§ **TRY IT**:
Could you return all of the entries below exactly, minus the pictures?
=== Section Start ===
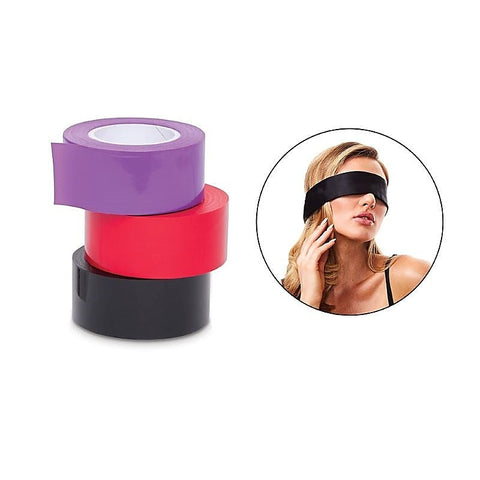 WhipSmart Bondage Tape 3-Pack with Blindfold - Masks And Blindfolds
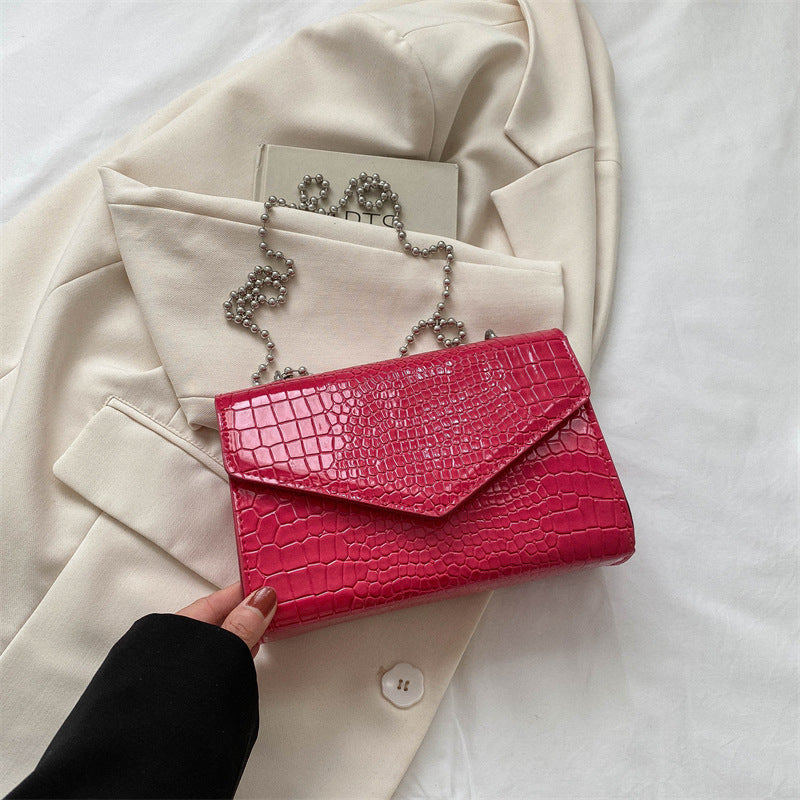 Crocodile Pattern Clamshell Bag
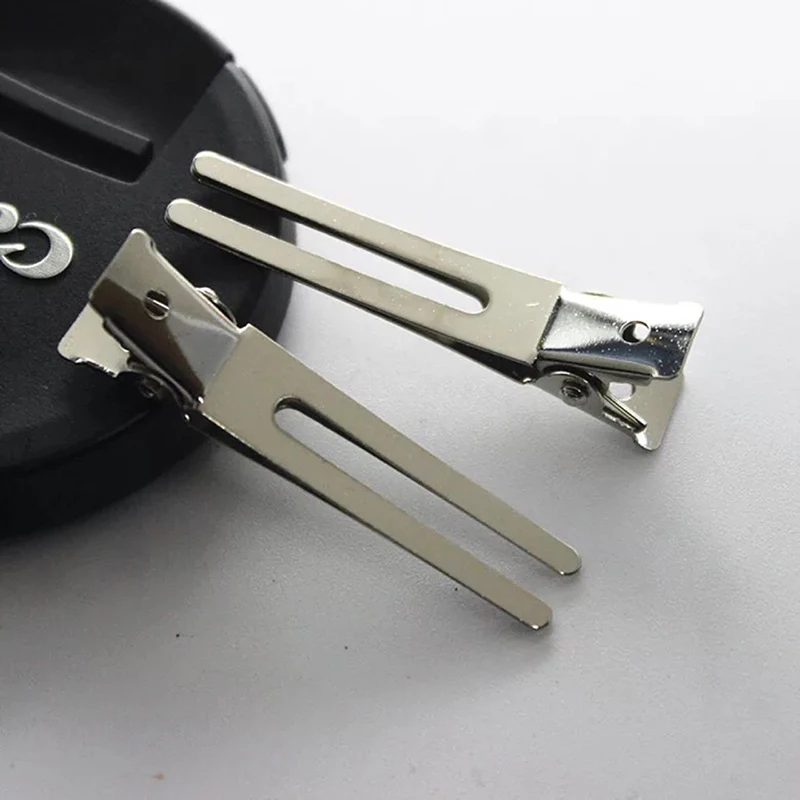 

100 Stainless Steel Double Fork Clip Duckbill Clip Fabric Hairpin Setting Section Hair Clips Hairpins Headwear Hair Accessories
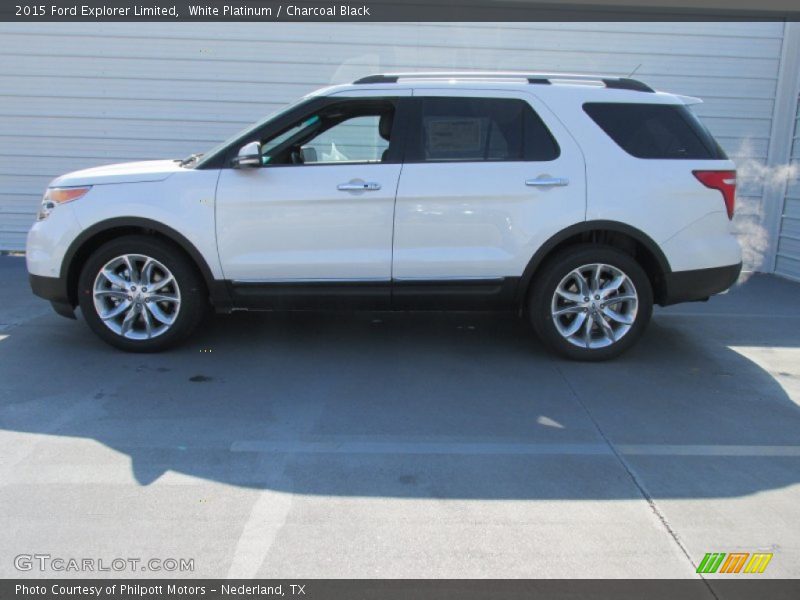 White Platinum / Charcoal Black 2015 Ford Explorer Limited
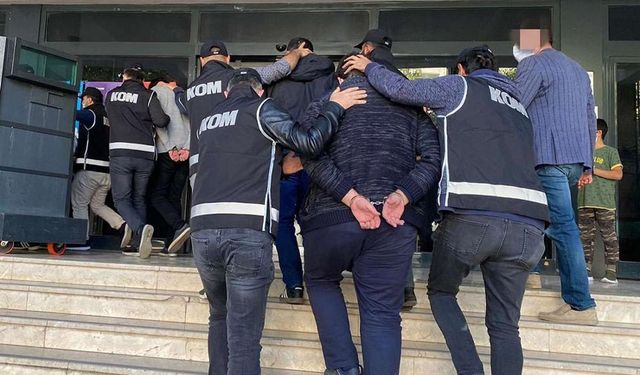 Van’da değişik suçlardan 60 kişi tutuklandı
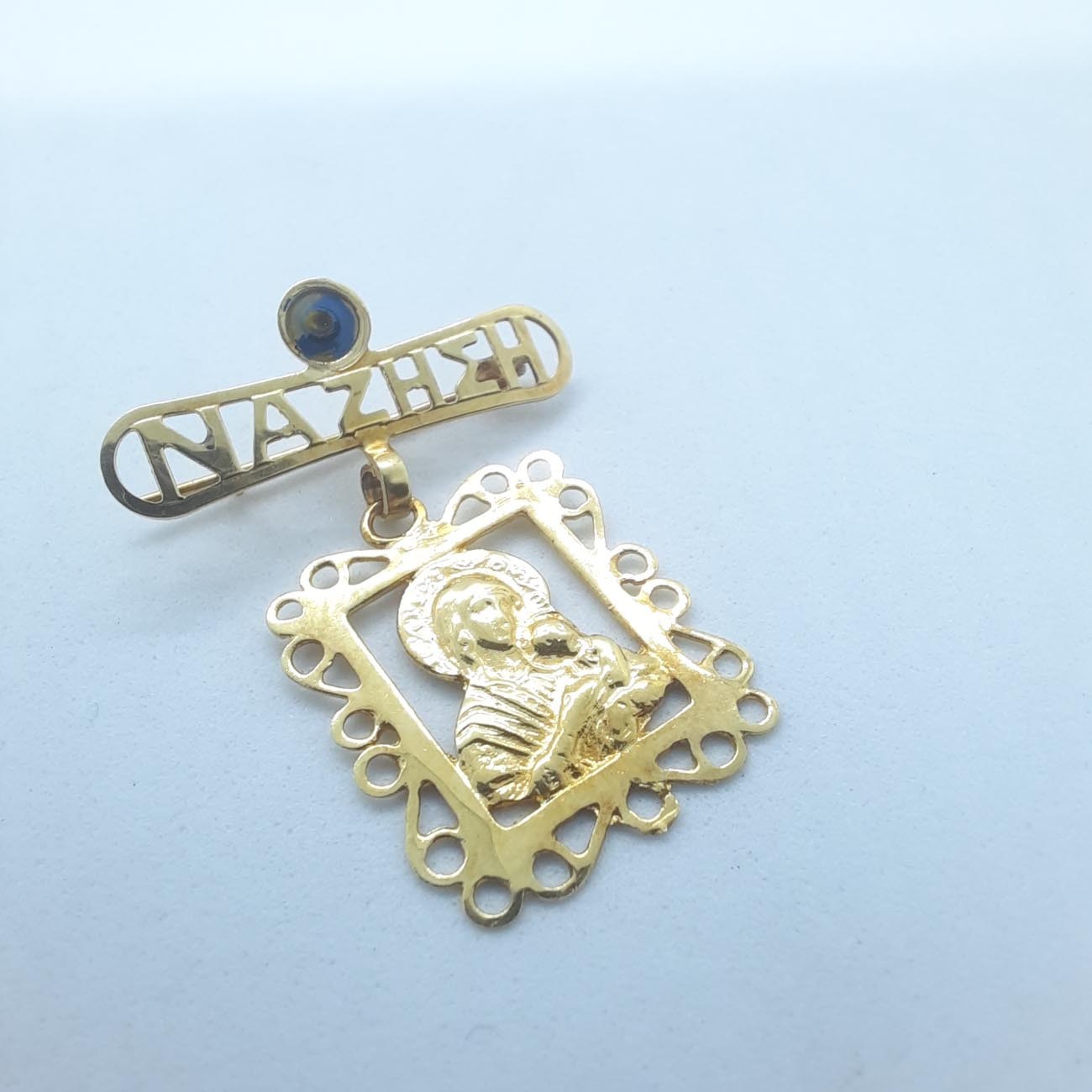 Χρυσό φυλαχτό Παναγία Κ14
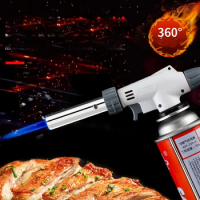 Torch Cooking AutoIgnition Butane Gas Welding-Burner Heating Welding Gas Burner Flame Gas Torch Blow for BBQ Camping Cooking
=== Section End ===
§ **ANSWER SECTION**:
 WhipSmart Bondage Tape 3-Pack with Blindfold - Masks And Blindfolds
 Crocodile Pattern Clamshell Bag

100 Stainless Steel Double Fork Clip Duckbill Clip Fabric Hairpin Setting Section Hair Clips Hairpins Headwear Hair Accessories
 White Platinum / Charcoal Black 2015 Ford Explorer Limited
 Van’da değişik suçlardan 60 kişi tutuklandı
 Χρυσό φυλαχτό Παναγία Κ14
 Torch Cooking AutoIgnition Butane Gas Welding-Burner Heating Welding Gas Burner Flame Gas Torch Blow for BBQ Camping Cooking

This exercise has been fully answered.